Allen La Pointe is currently in his seventh year of work at the John G. Shedd Aquarium, and is presently the Water Quality Manager. He began working as a chemist at the Aquarium in 1997, learning the life support systems and working with the instrumentation. Two positions later, he now manages the water quality laboratory, monitoring animal habitats and making adjustments to life support operations.
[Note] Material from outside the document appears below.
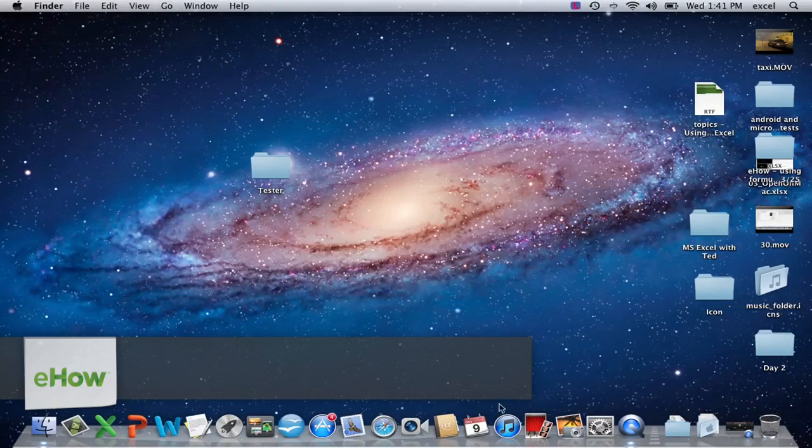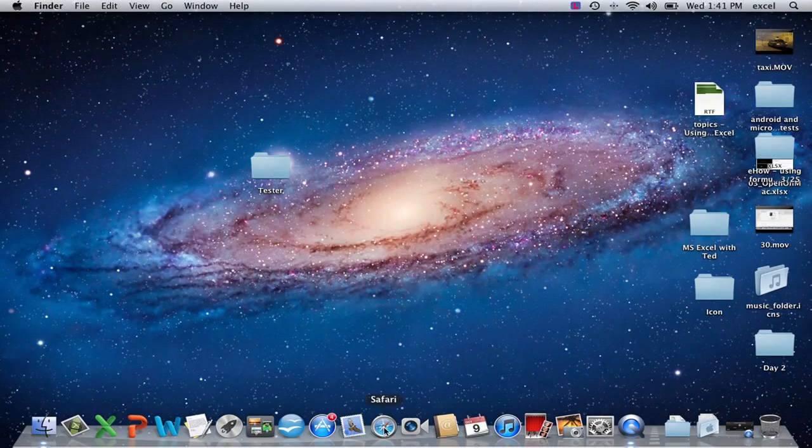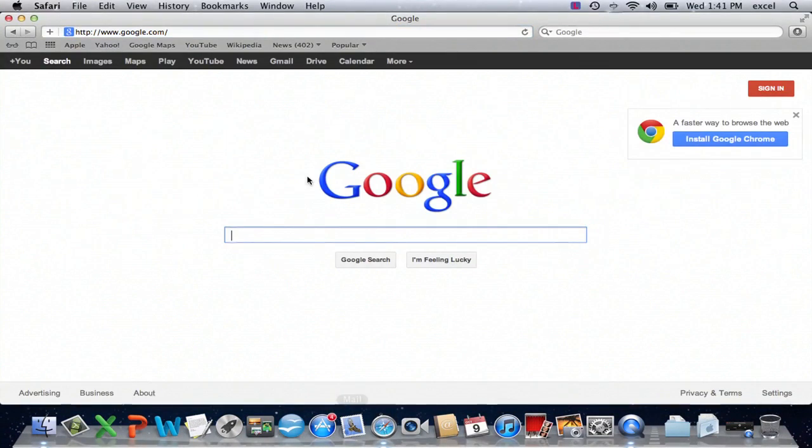Hey, my name's Zach. When refreshing an Apple webpage, all you're going to have to do is press two buttons. So here I am on my computer and I'm going to go to Safari. Once that opens, we can go to any website we like.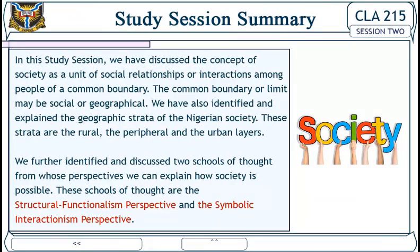Study session summary: in this study session we have discussed the concept of society as a unit of social relationships or interactions among people of a common boundary — which may be social or geographical. We identified and explained the geographical strata of the Nigerian society: the rural, the periphery, and the urban layers. We further identified and discussed two schools of thought — structural functionalism and symbolic interactionism — from whose perspective we can explain how society is possible. End of Study Session Two. Thanks for listening.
In conjunction with the Shedd and the College of DuPage, Allen has designed and teaches a two-semester course in water chemistry, titled Water Works. The course topics include general water chemistry, water quality parameters, water cycles, water analysis, natural systems, aquarium chemistry, and aquarium life support systems.

Before starting his career with Shedd Aquarium, Allen was employed at the Hammond Indiana Sanitary District in a water analysis instrumentation position for three years. He studied aquatic zoology and chemistry at Southern Illinois University in Carbondale, receiving a B.S. in Zoology in 1993. Allen is currently working on a specialized Master's degree in Zoological Management.

ABSTRACT:

Dissolved Gases in Aquarium and Aquaculture Facilities.

Dissolved gasses, in the correct amounts, are extremely important for the animals that reside within aquatic systems. Many factors and water quality parameters are connected to the types and concentrations of gasses in solution. Likewise, other factors greatly influence the concentrations of dissolved gasses.

Oxygen saturation is dependant on temperature and the concentration of dissolved solids in the water. The required concentration of oxygen varies by a variety of factors, including species and age.

Fish hobbyists and professionals, to lower the pH or even to sedate fish, use carbon dioxide. Without proper gas exchange in a recirculating system, carbon dioxide can build up, affecting the carbon cycle and lowering the pH. This can also effect the concentration of other gasses in solution.

Each dissolved gas component exerts a pressure within the system. The sum of these pressures is the Total Dissolved Gas pressure (TDG). In a natural system, the TDG will form an equilibrium with the external pressure exerted up it, the Barometric Pressure (BP). When the BP increases, more gasses can dissolve in solution. When the BP decreases, the saturation for gasses decreases, and gasses will release from solution until the equilibrium is reestablished.

In open and closed recirculating aquaculture and aquarium systems, certain conditions are known to cause an artificial increase in the number of gases dissolved in solution. This in turn raises the TDG. Likewise, situations can arise where the BP drops quickly and the aquarium or aquaculture system cannot compensate quickly. In both of these scenarios, fish may develop Gas Bubble Disease, which is often lethal.